LG Dresden, Urteil vom 9.2.2023
Aktenzeichen 17 KLs 414 Js 35779/19

Stichpunkte

Umfangreiche Entscheidung im Strafverfahren wegen Menschenhandels mit jungen Bulgarinnen; ausführliche Darstellung der Vorgehensweise der Angeklagten und der Beweiswürdigung; `Loverboy-Methode´; mehrjährige Haftstrafen

Zusammenfassung

Das Landgericht (LG) verurteilt drei Angeklagte u.a. wegen schweren Menschenhandels zum Zwecke der sexuellen Ausbeutung, Zwangsprostitution und Zuhälterei zu Freiheitsstrafen von 5, 2 und 1 ½ Jahren.

Der Hauptangeklagte Y., seine Partnerin und Mitangeklagte To., sowie die Mitangeklagte P. und deren zwischenzeitlich verstorbener Partner M. hatten von 2016 bis 2019 in Bulgarien ca. 100 Mädchen und junge Frauen insbesondere mit der `Loverboy-Methode´ angeworben und/oder durch andere falsche Versprechungen nach Deutschland gebracht, wo sie v.a. in Prostitutionsstätten der P. und des M. arbeiteten. In Deutschland hatten die Angeklagten den Umstand ausgenutzt, dass die Frauen sich in einem ihnen fremden Land ohne Sprachkenntnisse befanden, keine sozialen Kontakte und auch kein Einkommen hatten und sich so der Situation nicht entziehen konnten. Zusätzlich setzten sie die Frauen mit Drohungen und Gewalt unter Druck und zwangen sie, in zwei Einrichtungen oder bei Hausbesuchen der Prostitution nachzugehen.

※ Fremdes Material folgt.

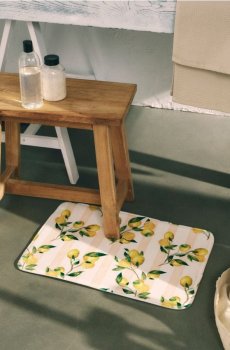 Килимок для ванної кімнати з мотивом лимонів - різнобарвний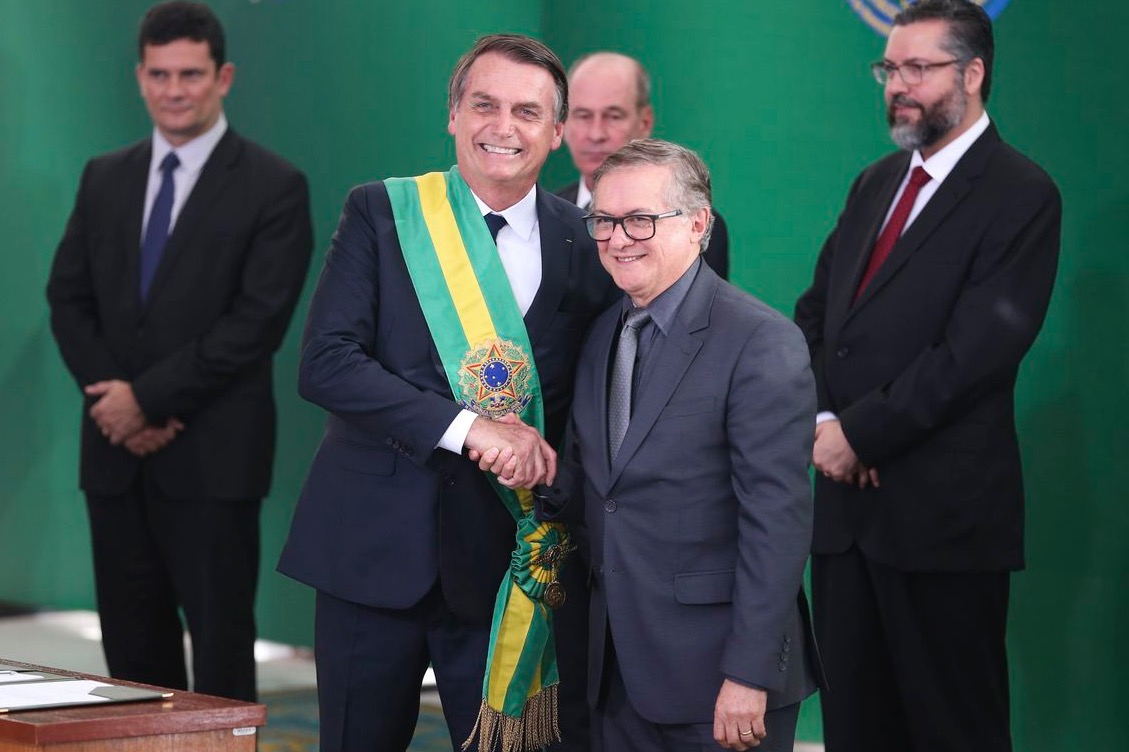 Bolsonaro diz que decidirá destino de Vélez nesta 2ª; tucano é cotado para MEC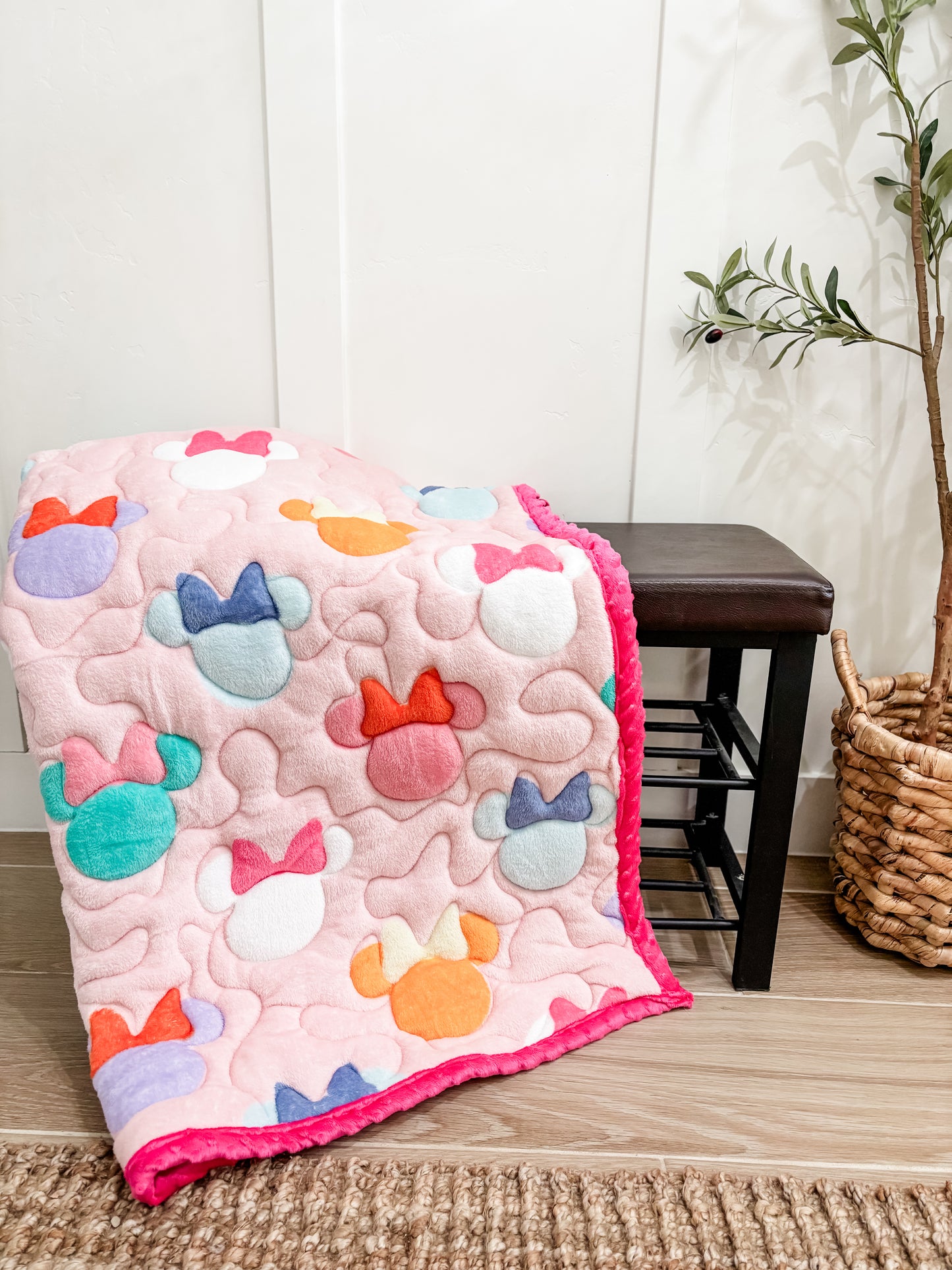 Minnie ears minky blanket 🎀💖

Dabei stellten die Angeklagten die Kontakte zu den Freiern her und gaben genau die jeweiligen sexuellen Dienstleistungen und Preise vor. Ebenso bestimmten sie, wieviel ihrer Einnahmen die Frauen behalten und wieviel sie abgeben mussten. In der Regel mussten die Frauen mindestens die Hälfte abgeben (S.6 ff). Verweigerten die Frauen bestimmte Praktiken, wurden sie sanktioniert, z.B. auch indem ihnen sämtliche Einnahmen abgenommen wurden. Auch die Unterbringung der Frauen wurde durch die Angeklagten vorgegeben.

Das Gericht stellt die Vorgehensweise der Angeklagten umfassend dar (S. 9-14).

Der Angeklagte Y. wird wegen ausbeuterischer und dirigistischer Zuhälterei, schwerem Menschenhandel zum Zweck der sexuellen Ausbeutung und besonders schwerer Zwangsprostitution, gefährlicher Körperverletzung und Vergewaltigung zu einer Gesamtfreiheitsstrafe von 5 Jahren verurteilt, die Angeklagte To. wegen ausbeuterischer und dirigistischer Zuhälterei, schwerem Menschenhandel zum Zweck der sexuellen Ausbeutung und besonders schwerer Zwangsprostitution zu 2 Jahren auf Bewährung und die Angeklagte P. wegen dirigistischer Zuhälterei und Ausbeutung von Prostituierten zu 1 ½ Jahren auf Bewährung verurteilt.

Gegen diese Entscheidung hatten die Angeklagten Revision eingelegt, die jedoch mit Beschluss vom 30.01.2024 vom 5. Strafsenat des Bundesgerichtshofs (BGH) verworfen wurde.